> [What you should do]:
Only the lines below from the one with "Deep Necklift Before & After" through the one with "Close-up of freckles" are to be written out, exactly and without any images.

> [The data]:
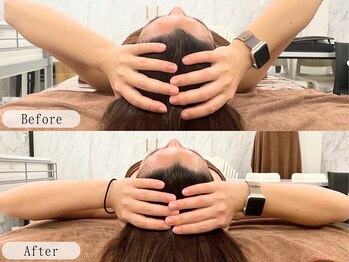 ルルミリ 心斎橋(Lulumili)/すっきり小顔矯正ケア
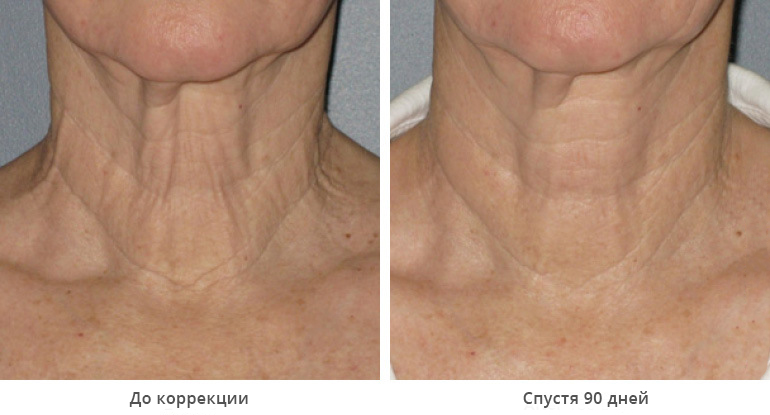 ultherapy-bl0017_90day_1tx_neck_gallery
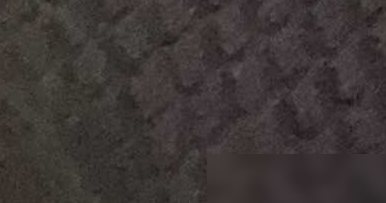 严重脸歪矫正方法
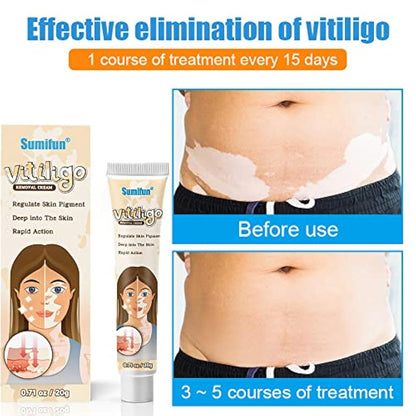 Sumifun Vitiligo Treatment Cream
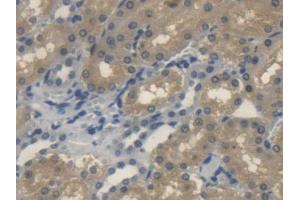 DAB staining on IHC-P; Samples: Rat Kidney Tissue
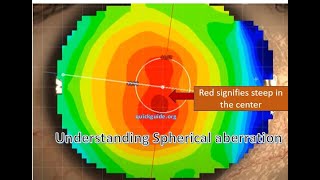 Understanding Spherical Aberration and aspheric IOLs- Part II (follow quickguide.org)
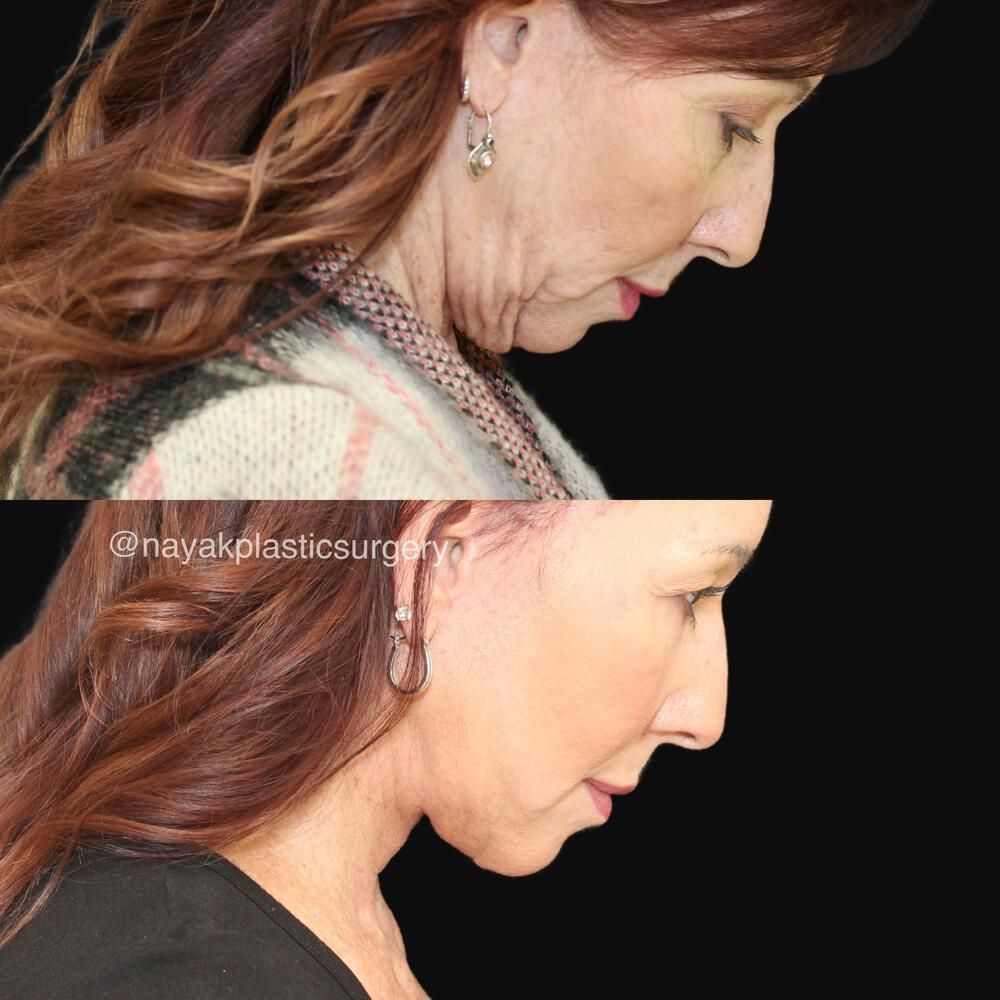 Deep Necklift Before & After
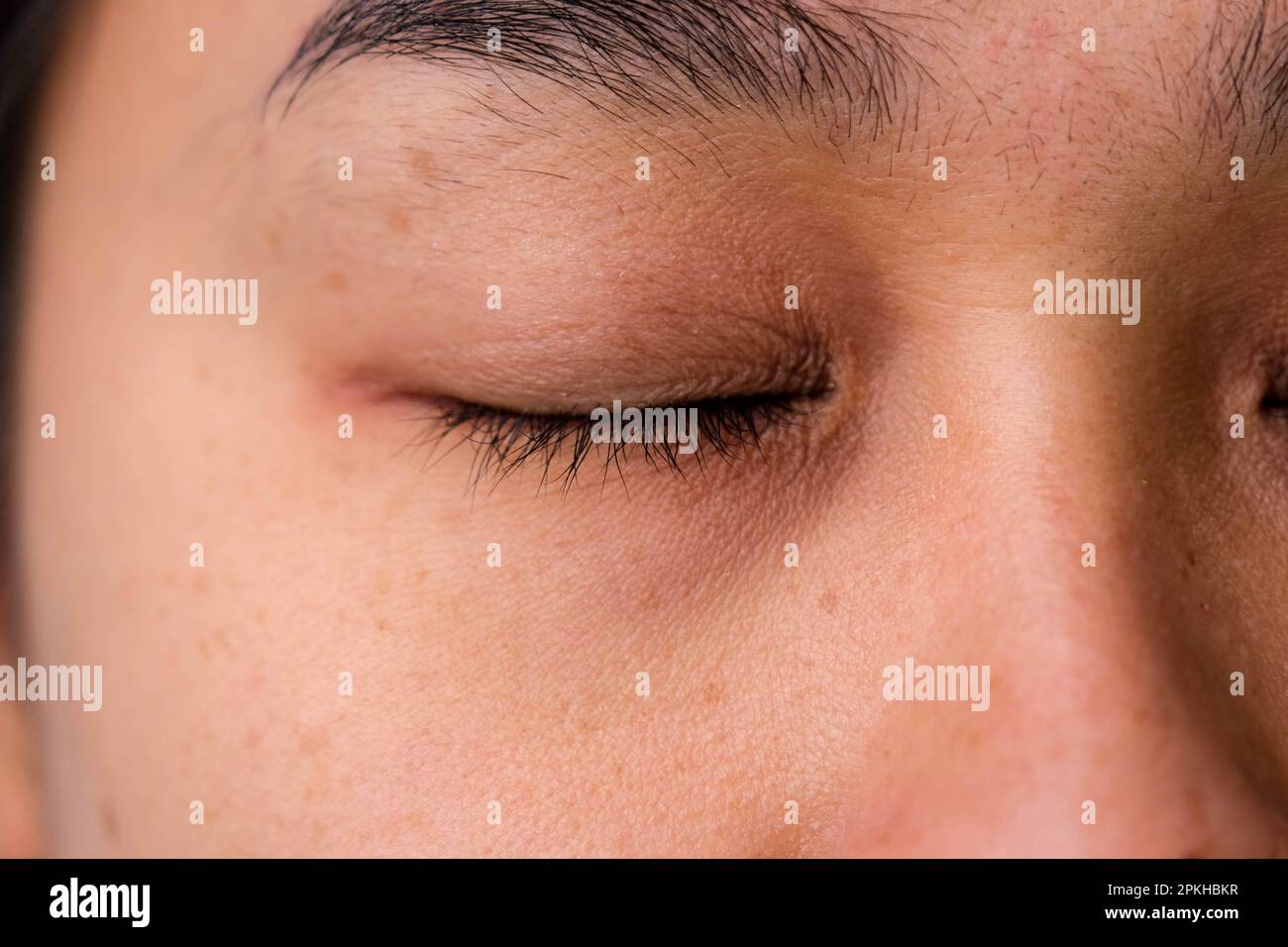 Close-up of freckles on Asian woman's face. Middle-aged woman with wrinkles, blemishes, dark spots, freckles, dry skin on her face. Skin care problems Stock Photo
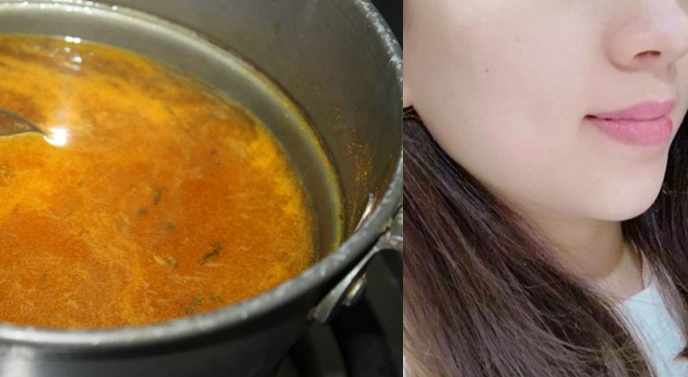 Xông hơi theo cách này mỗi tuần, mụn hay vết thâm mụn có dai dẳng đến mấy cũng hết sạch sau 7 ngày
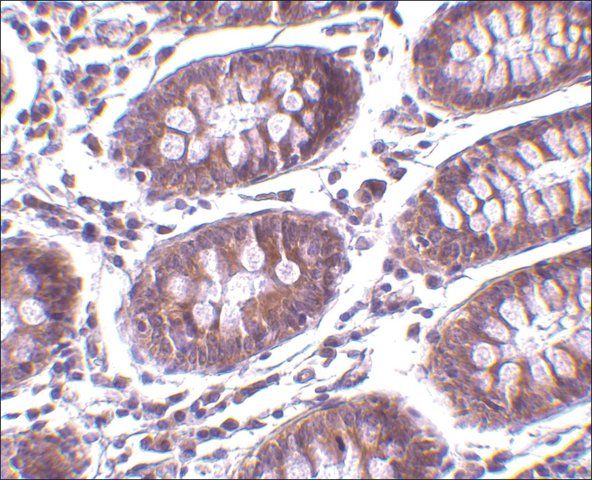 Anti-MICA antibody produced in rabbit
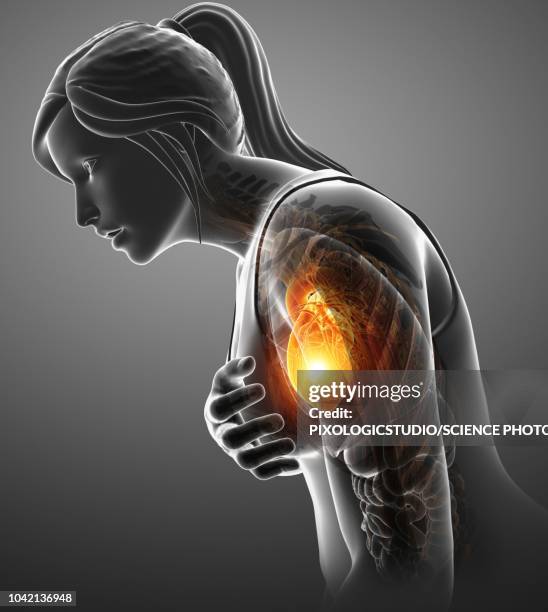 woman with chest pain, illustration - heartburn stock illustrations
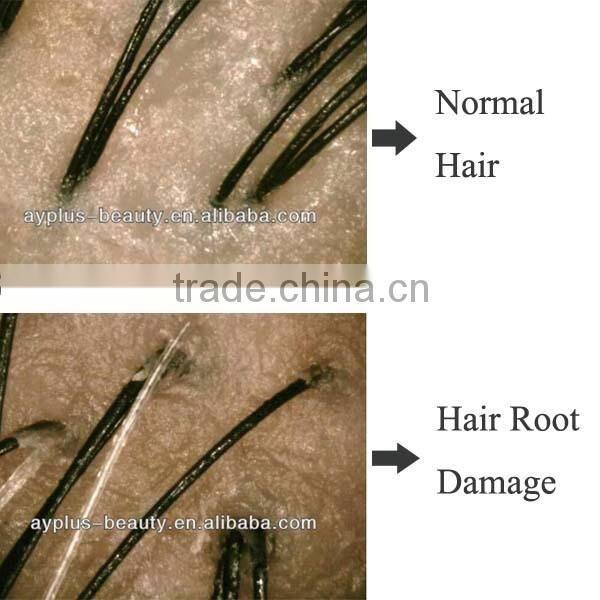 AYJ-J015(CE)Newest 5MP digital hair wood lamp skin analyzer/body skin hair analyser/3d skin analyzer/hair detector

> [Solution to the problem]:
 Deep Necklift Before & After
 Close-up of freckles on Asian woman's face. Middle-aged woman with wrinkles, blemishes, dark spots, freckles, dry skin on her face. Skin care problems Stock Photo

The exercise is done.